News Literacy Project and Scripps Launch National News Literacy Week

To help the next generation learn the "fundamental life skill" of news literacy, the organizations will educate people of all ages on how to identify misinformation and the importance of a free press.

News Literacy Project (NLP) and the E.W. Scripps Company have partnered to launch National News Literacy Week (NNLW) from January 27 to 31. Calling news literacy a "fundamental life skill," the partners aim to educate the public about the importance of news literacy and the role of the free press in America.

“Our democracy faces a significant threat from disinformation. and the solution is news literacy—the ability for the American people to discern fact from opinion and journalism from advertising or even propaganda,” Scripps president and CEO Adam Symson said in a statement about the week.

NNLW is part of the organizations’ mission to help the next generation of news consumers learn to differentiate credible information from misinformation. NLP is a nonprofit that offers nonpartisan, independent programs to teach students how to know real from fake as they are inundated with media and messages

All next week, educators and the public will have free access to lessons from the NLP’s Checkology virtual classroom and its lessons and resources. Each day focuses on a different theme.

● Monday: Navigating the information landscape

● Tuesday: Identifying standards-based journalism

● Wednesday: Understanding bias—yours and others’

● Thursday: Journalists as democracy’s watchdog

● Friday: Recognizing misinformation

“News literacy education helps young people become active participants in their communities,” NLP’s founder and CEO Alan C. Miller said in the press release. “This generation is inheriting the most challenging and complex information landscape in human history, and it is incumbent upon us to ensure they know how to navigate it effectively. And once they’re taught, they develop critical-thinking skills and habits of mind that will last them a lifetime and benefit the communities where they live.”

While the focus may be on young people, there is value in the initiative for all ages, and the partnership with Scripps allows the message to reach a wider audience.

“By encouraging an open dialogue about this topic with our audiences as well as with students and educators, we hope to equip the public with tools and resources they need to be informed and engaged citizens,” said Symson.

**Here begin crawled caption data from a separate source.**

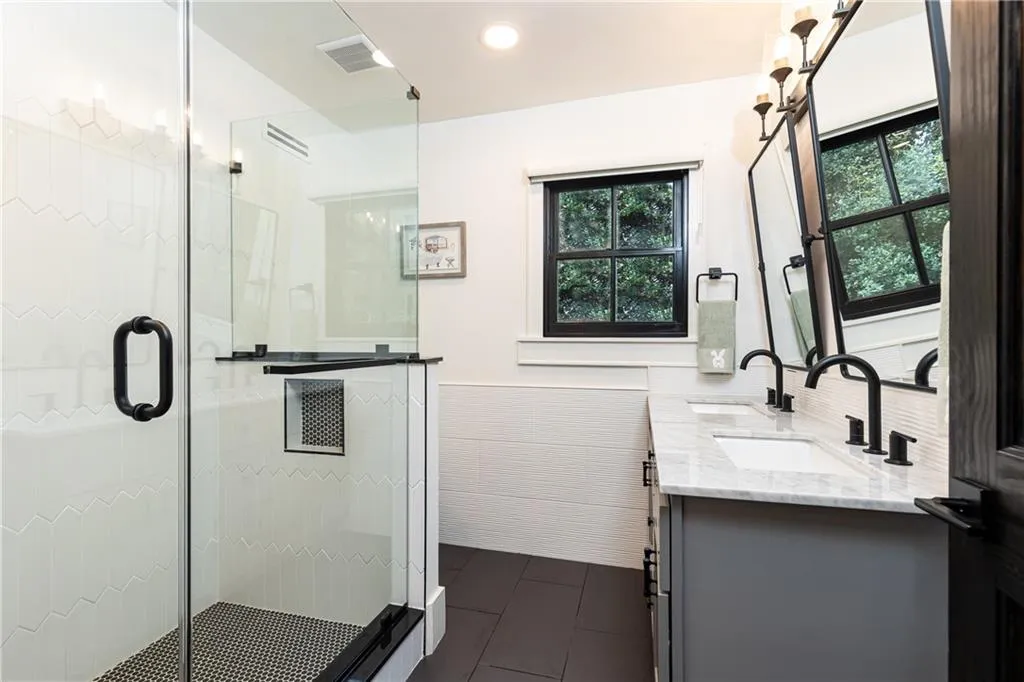 660 Old Ivy Road Ne, Atlanta, Georgia 30342, 4 Bedrooms Bedrooms, ,3 BathroomsBathrooms,Residential,For Sale,660 Old Ivy Road Ne,7659174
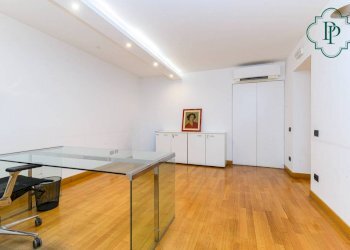 Ufficio - Appartamento via della Fontanella di Borghese, Roma (zona Centro Storico) - foto 14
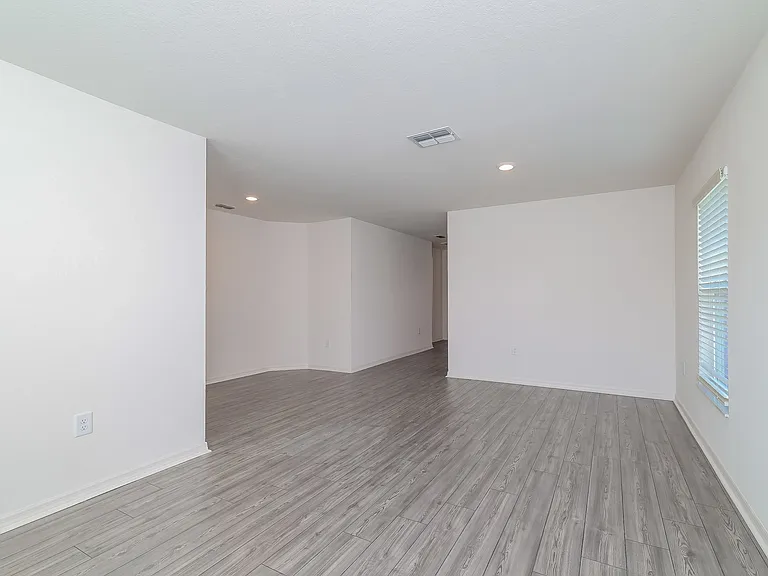 313 Kensington View Dr — Photo 4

During NNLW, Scripps’ news channels and media platforms will run stories on news literacy. In addition, it will publish articles from an initiative in which Scripps journalists worked with high schoolers to identify, research, and produce news stories focused on issues important to the local communities of the student journalists. The stories will premiere throughout the week on air and online across Scripps’ stations. Some will be available at newsliteracy.org, as well.

Anyone wanting to test their news lit abilities can take “ The Easiest Quiz of All Time .” Adults and children can also use Informable, NLP’s free app that offers different levels of questions in four categories: Checkable or not? Evidence or not? Ad or not? and News or Opinion.